Input data >>
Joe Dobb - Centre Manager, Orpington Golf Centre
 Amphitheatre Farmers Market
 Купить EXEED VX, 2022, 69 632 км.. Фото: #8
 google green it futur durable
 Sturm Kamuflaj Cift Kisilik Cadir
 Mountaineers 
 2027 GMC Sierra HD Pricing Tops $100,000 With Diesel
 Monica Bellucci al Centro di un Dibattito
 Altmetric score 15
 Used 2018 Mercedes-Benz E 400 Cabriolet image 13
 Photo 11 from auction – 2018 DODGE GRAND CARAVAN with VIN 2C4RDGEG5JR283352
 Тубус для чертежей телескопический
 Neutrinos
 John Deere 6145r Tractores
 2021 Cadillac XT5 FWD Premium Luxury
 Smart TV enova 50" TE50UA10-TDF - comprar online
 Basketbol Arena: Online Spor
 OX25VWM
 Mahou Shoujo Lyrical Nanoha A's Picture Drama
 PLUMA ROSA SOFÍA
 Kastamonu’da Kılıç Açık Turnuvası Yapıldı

Work to be completed >>
Output, exactly and in full, the lines from the start of the entries above through the line that contains "Basketbol Arena: Online Spor".

Output of the task >>
Joe Dobb - Centre Manager, Orpington Golf Centre
 Amphitheatre Farmers Market
 Купить EXEED VX, 2022, 69 632 км.. Фото: #8
 google green it futur durable
 Sturm Kamuflaj Cift Kisilik Cadir
 Mountaineers 
 2027 GMC Sierra HD Pricing Tops $100,000 With Diesel
 Monica Bellucci al Centro di un Dibattito
 Altmetric score 15
 Used 2018 Mercedes-Benz E 400 Cabriolet image 13
 Photo 11 from auction – 2018 DODGE GRAND CARAVAN with VIN 2C4RDGEG5JR283352
 Тубус для чертежей телескопический
 Neutrinos
 John Deere 6145r Tractores
 2021 Cadillac XT5 FWD Premium Luxury
 Smart TV enova 50" TE50UA10-TDF - comprar online
 Basketbol Arena: Online Spor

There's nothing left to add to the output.